モニターを見ると隣人が立っていた。モーニャン(妻)がそれを確認して、玄関に向かう。そして、ナビが後をついていく。

ちなみに、ナビはつい最近までインターホンがなると、まずは吠えまくり、私たちが部屋を出ていくと、我先にと私たちを押しのけて玄関まで走って行った。

しかしここのところ、おとなしく出て行く。寄る年波には勝てないということだろう。なんとなく、そんなところも悲しくなってしまう。

しばらくするとモーニャン(妻)がビニール袋を持って帰ってきた。中には2本のゴーヤが入っていた。ここで、夕食のメニューが「ゴーヤチャプルー」に決まった。

冷蔵庫を見てみると豆腐はちょうど一丁ある、卵もある、しかし豚肉がない。

夕方の散歩の時だと、帰って作るのが面倒なので、近所のA-COOP(農協系スーパー)に豚肉を買いに行き、散歩の前に作ってしまうことにした。

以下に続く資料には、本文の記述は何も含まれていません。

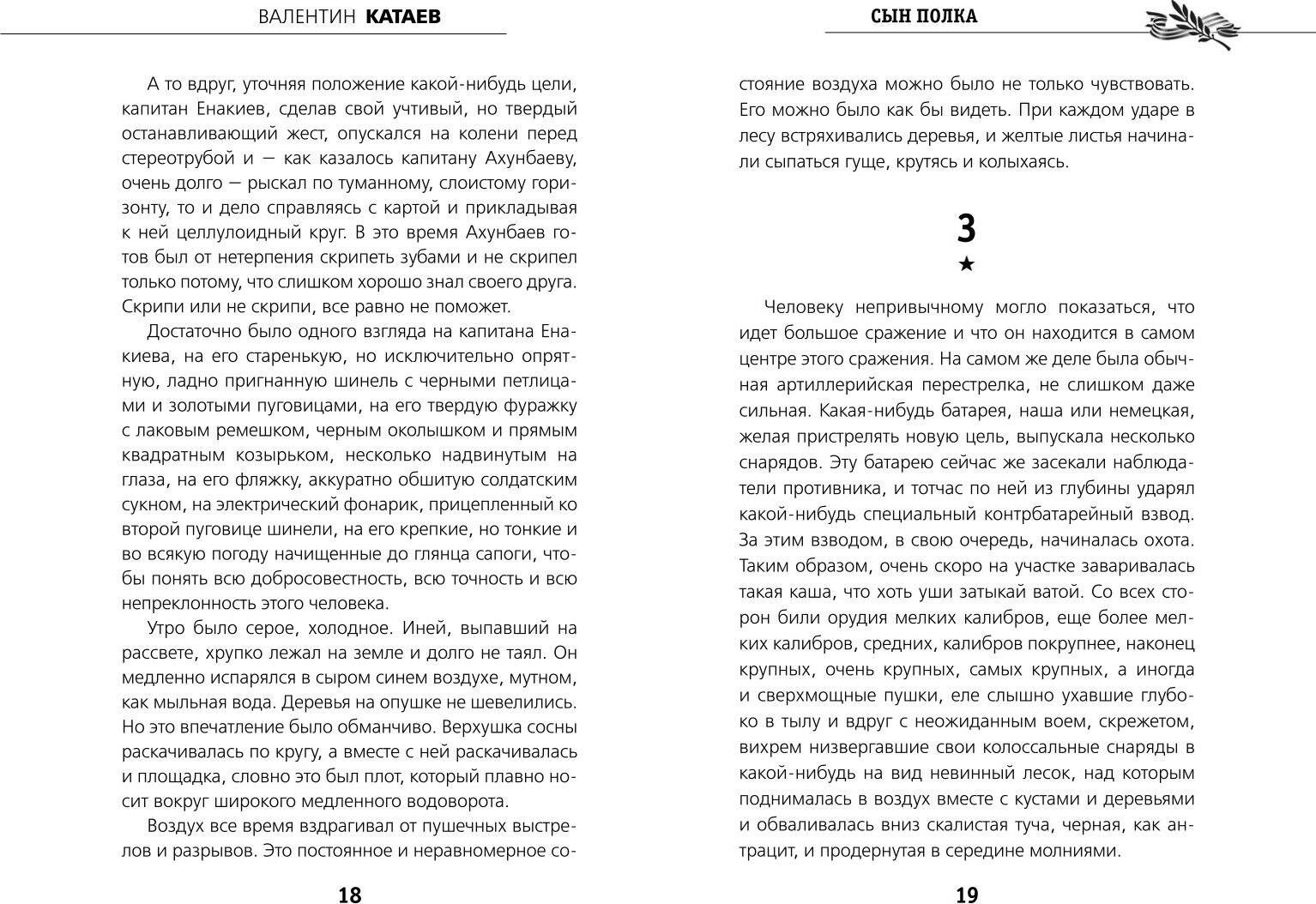 Художественная книга Эксмо Сын полка, твердая обложка (Катаев Валентин) — фото 2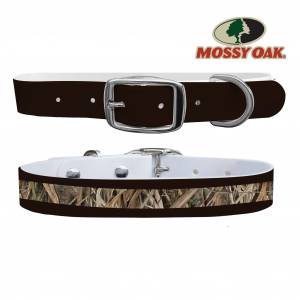 C4 Dog Collar Mossy Oak - Shadow Grass Blades Brown Tip Collar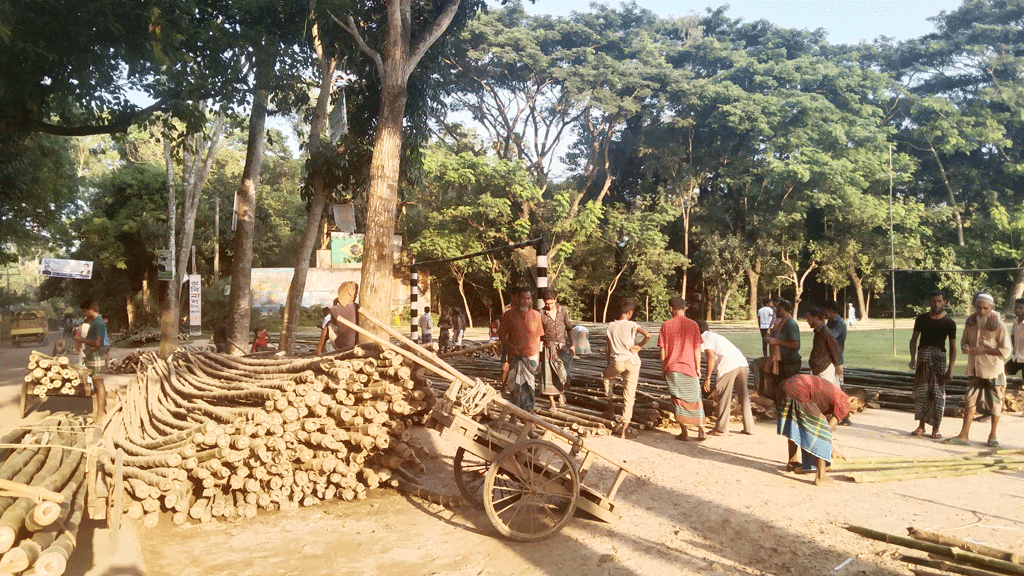 হারিয়ে যাচ্ছে বাঁশঝাড়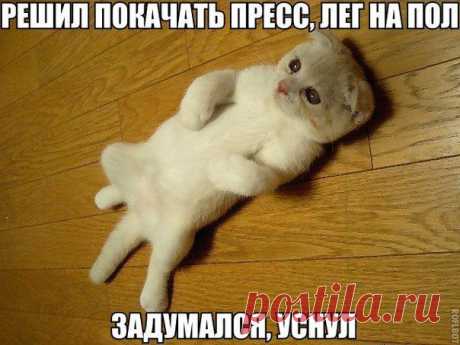 Новости
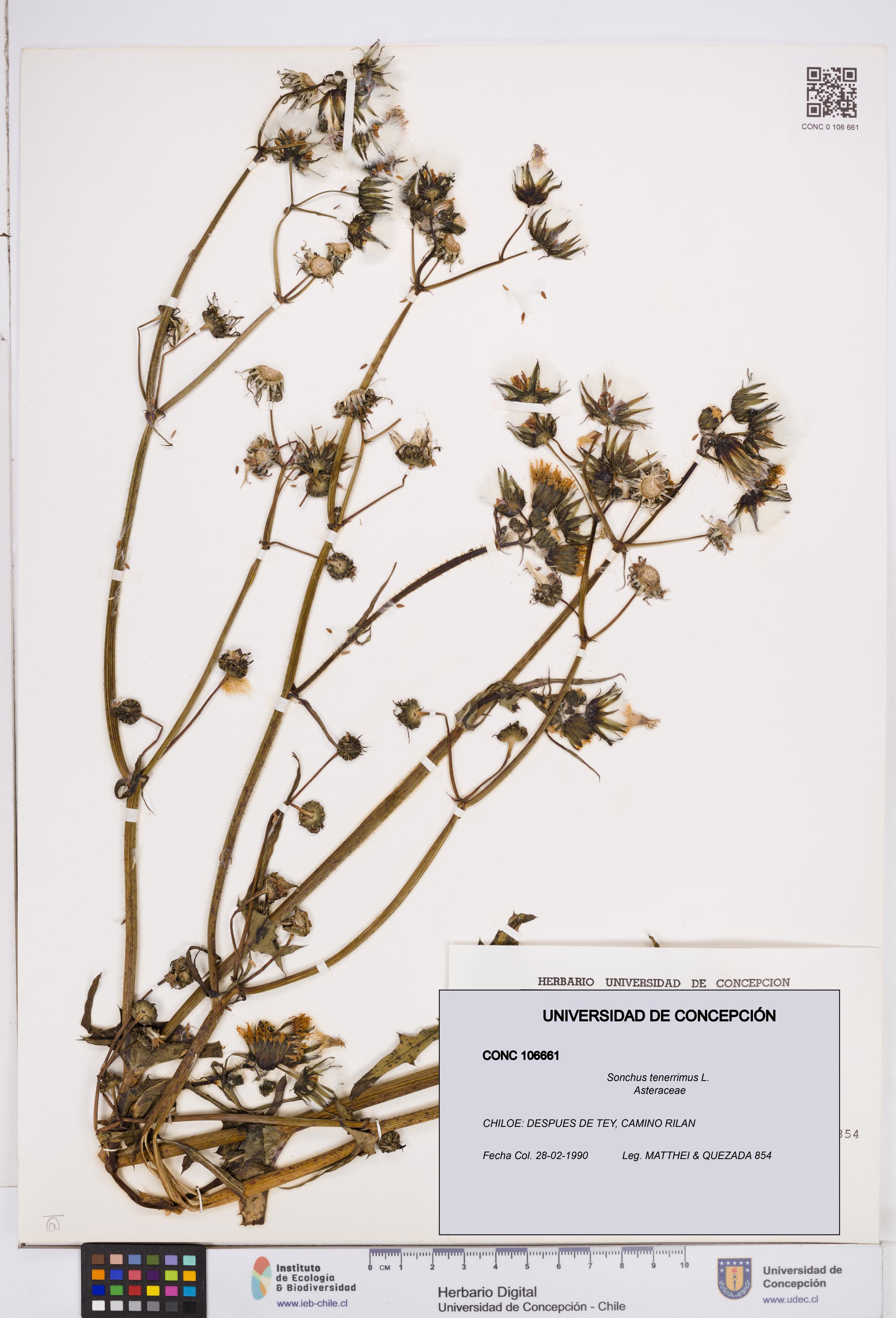 Sonchus tenerrimus [Espécimen: ]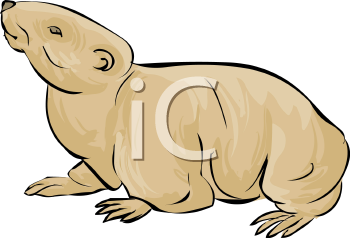 Rodent Clipart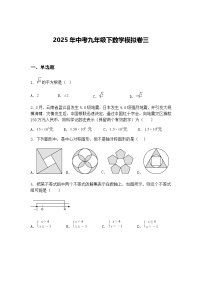 2025年中考九年级下数学模拟卷三（含答案解析）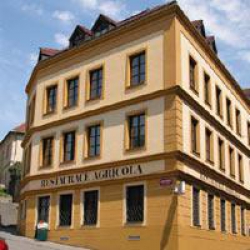 ���� ����� Jerome Agricola 3*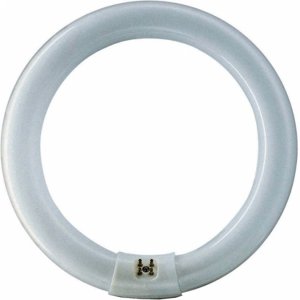 Philips UV FlyKiller 22W T9 G10q Circular Shatterproof Tube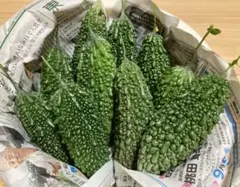 まちゃん様 リクエスト 2点 まとめ商品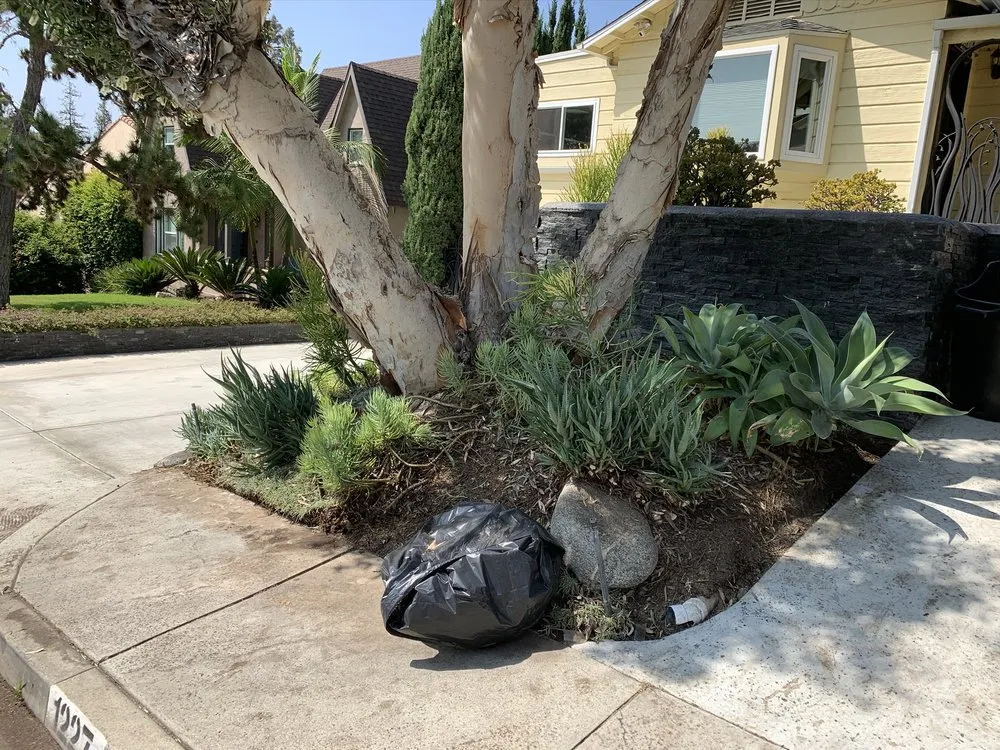 Reliable outdoor landscaping for residential properties in La Habra, CA by MG Empire Landscape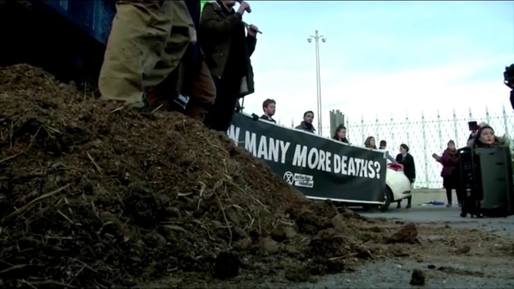Ecologiștii au aruncat bălegar la summitul ONU pentru climă de la Madrid, protestând față de lipsa de măsuri împotriva încălzirii globale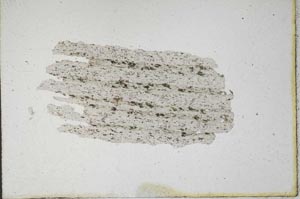 Plane Polarized, S9876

こちらのスーパーへはご近所の高齢の方々がたくさん買い物に来ており、駐車場では注意しないといけない。駐車場に入って車を走らせていると、右側の駐車スペースに車をとめようとしている高齢者マークの車が後退してきた。

その駐車スペースには車止めがないので、そのまま後退してくると私が走っているルートに入ってきてしまう。車を止めて待っていると少しして、ちゃんと停車してくれたので、安心して車を出した。

その後にふと、高齢者に多いペダルの踏み間違いのことを思い出した。高齢者が運転する車が暴走して歩道に乗り上げて、歩道を歩いている歩行者をはねたというニュースをよく耳にする。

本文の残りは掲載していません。